TASK INSTRUCTIONS ▸ With both ends included, repeat exactly the lines of the entries below from the one containing "Bild von Auktion" down to the one containing "盛地东方芯府 3室2厅1卫 79.8万 盛地东方芯府 3室2厅1卫 79.8万卧室", and no others.
:: EXERCISE INPUTS ::
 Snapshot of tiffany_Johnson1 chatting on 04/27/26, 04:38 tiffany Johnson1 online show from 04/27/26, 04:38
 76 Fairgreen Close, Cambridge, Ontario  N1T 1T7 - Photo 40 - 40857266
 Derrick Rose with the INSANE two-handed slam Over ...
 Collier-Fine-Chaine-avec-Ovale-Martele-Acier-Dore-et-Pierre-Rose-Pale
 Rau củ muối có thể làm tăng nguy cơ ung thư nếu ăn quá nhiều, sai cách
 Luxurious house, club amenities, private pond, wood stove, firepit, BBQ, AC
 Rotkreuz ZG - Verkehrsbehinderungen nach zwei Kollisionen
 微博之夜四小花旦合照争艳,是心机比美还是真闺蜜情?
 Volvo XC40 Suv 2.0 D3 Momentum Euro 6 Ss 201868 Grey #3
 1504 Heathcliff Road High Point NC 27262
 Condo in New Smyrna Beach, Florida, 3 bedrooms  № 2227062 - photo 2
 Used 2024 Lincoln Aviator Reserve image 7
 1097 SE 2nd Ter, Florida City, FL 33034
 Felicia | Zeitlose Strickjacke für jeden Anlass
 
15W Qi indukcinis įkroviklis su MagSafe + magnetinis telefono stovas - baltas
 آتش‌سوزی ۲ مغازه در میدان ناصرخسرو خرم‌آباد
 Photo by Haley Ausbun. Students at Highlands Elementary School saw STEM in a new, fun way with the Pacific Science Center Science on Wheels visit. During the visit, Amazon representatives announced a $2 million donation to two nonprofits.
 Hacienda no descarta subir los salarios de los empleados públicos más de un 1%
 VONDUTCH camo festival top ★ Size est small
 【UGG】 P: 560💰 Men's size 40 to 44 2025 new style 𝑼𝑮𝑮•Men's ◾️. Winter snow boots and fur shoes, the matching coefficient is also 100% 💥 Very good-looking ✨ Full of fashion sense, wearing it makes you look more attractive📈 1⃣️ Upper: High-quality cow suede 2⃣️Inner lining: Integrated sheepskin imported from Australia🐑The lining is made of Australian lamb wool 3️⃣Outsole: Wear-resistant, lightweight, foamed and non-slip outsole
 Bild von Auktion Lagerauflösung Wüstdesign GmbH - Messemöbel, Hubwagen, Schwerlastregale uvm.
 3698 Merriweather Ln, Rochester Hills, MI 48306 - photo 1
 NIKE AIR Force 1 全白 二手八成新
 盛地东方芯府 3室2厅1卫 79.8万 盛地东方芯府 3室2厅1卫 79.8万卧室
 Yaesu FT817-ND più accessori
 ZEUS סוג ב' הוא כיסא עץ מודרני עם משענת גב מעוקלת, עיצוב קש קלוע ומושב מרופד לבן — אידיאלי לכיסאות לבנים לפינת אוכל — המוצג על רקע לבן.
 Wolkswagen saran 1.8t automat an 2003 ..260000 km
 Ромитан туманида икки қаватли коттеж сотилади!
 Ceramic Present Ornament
:::
SOLUTION ▸
 Bild von Auktion Lagerauflösung Wüstdesign GmbH - Messemöbel, Hubwagen, Schwerlastregale uvm.
 3698 Merriweather Ln, Rochester Hills, MI 48306 - photo 1
 NIKE AIR Force 1 全白 二手八成新
 盛地东方芯府 3室2厅1卫 79.8万 盛地东方芯府 3室2厅1卫 79.8万卧室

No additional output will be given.